O auxílio emergencial foi criado pelo governo federal como medida de proteção social durante a crise sanitária, destinado a trabalhadores informais, autônomos, desempregados e inscritos no Cadastro Único para Programas Sociais do Governo Federal (CadÚnico). O valor de R$ 600 mensais foi estabelecido para apoiar financeiramente as famílias em situação de vulnerabilidade.

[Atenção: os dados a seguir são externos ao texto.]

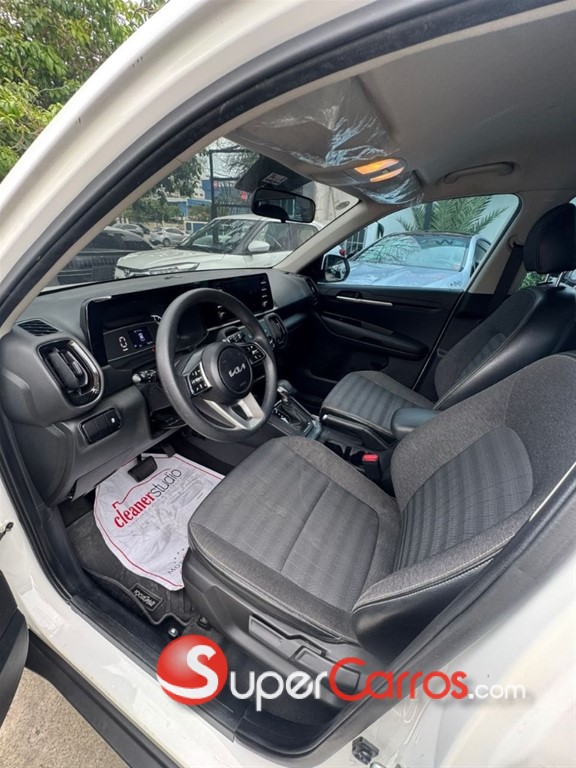 2023 Kia Sonet — foto 4 / 8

Na decisão, o magistrado destacou o caráter alimentar do benefício e a urgência em garantir o acesso aos recursos, essenciais para a subsistência de milhões de brasileiros. A ação civil pública foi motivada por relatos de atrasos e dificuldades enfrentadas por cidadãos que já haviam sido aprovados no programa, mas não recebiam o pagamento dentro de um prazo razoável.
A Caixa Econômica Federal, responsável pela operacionalização do auxílio emergencial, foi notificada para cumprir a determinação judicial, sob pena de multa diária em caso de descumprimento. A decisão representou um importante precedente para garantir a efetividade das políticas públicas de assistência social em situações de emergência nacional.
O programa de auxílio emergencial beneficiou cerca de 60 milhões de brasileiros ao longo de 2020 e foi prorrogado em diversas ocasiões, com ajustes nos valores e nas regras de elegibilidade. A determinação da Justiça Federal do Rio reforçou a necessidade de agilidade no processamento dos pagamentos, garantindo que os recursos chegassem rapidamente a quem mais precisava.